Afin de contrer de manière plus efficace cette persistance des inégalités salariales, la France a instauré un indice en 2018 pour mettre en lumière ces écarts. Connu sous le nom d'index de l'égalité professionnelle femmes-hommes, ou index Pénicaud, du nom de l'ex-ministre du Travail, sa publication annuelle est obligatoire pour les entreprises de plus de 50 salariés.
Cet indice d’évaluation sur 100 points repose sur cinq critères distincts :
L'écart de rémunération entre les femmes et les hommes (40 points)
La disparité dans les augmentations salariales annuelles (20 points)
Les différences dans les taux de promotion (15 points)
Les écarts de rémunération lors du retour de congé maternité (15 points)
La représentation des femmes parmi les plus hauts salaires de l'entreprise (10 points)
Ce dispositif vise à mettre en évidence les domaines où les inégalités de genre persistent et à inciter les entreprises à prendre des mesures concrètes pour promouvoir l'égalité professionnelle femmes-hommes.

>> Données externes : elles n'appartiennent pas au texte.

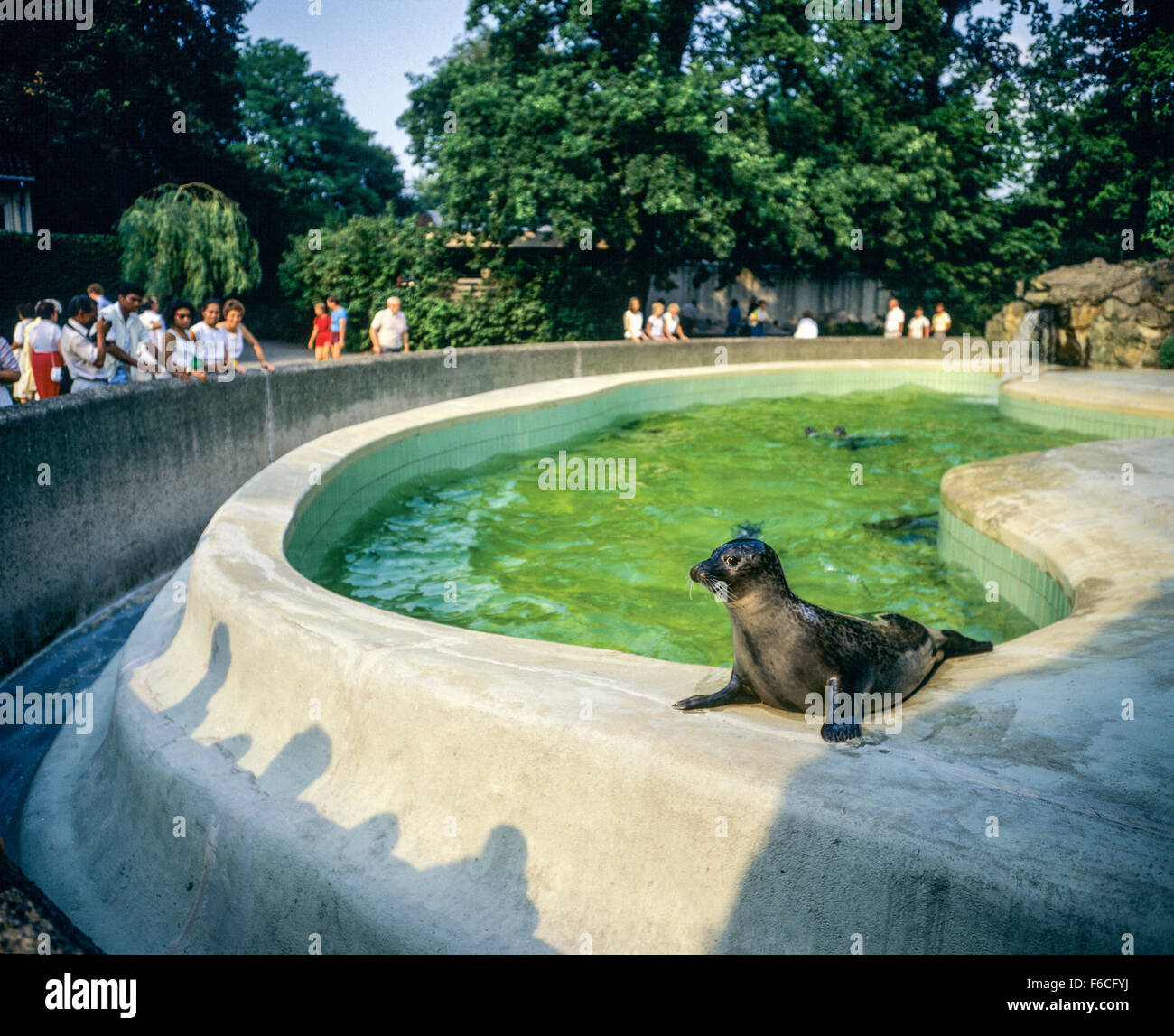 34+ Burgermeister Zoologischer Garten, Jetzt speisekarte im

En résumé, et afin de rendre le travail attractif pour plus de femmes et accroître leur taux d’activité, il conviendrait d’actionner quelques pistes :
Sensibiliser la population quant aux stéréotypes préjugeant d’une préférence des hommes pour les matières scientifiques et des femmes pour les lettres.
Exemple : des campagnes de sensibilisation dans les écoles
Informer sur les rémunérations plus élevées offertes dans les filières scientifiques pour accroître leur attractivité auprès des jeunes filles.
Exemple : fournir des barèmes de rémunération au moment de l’orientation des élèves
Proposer des solutions concrètes d’accompagnement des parents pour une meilleure répartition hommes/femmes de la gestion de la vie quotidienne après une naissance, afin que la charge d’enfants ne freine pas l’activité des femmes. Ce sujet sociétal doit associer les efforts des pouvoirs publics, des entreprises et de la société civile.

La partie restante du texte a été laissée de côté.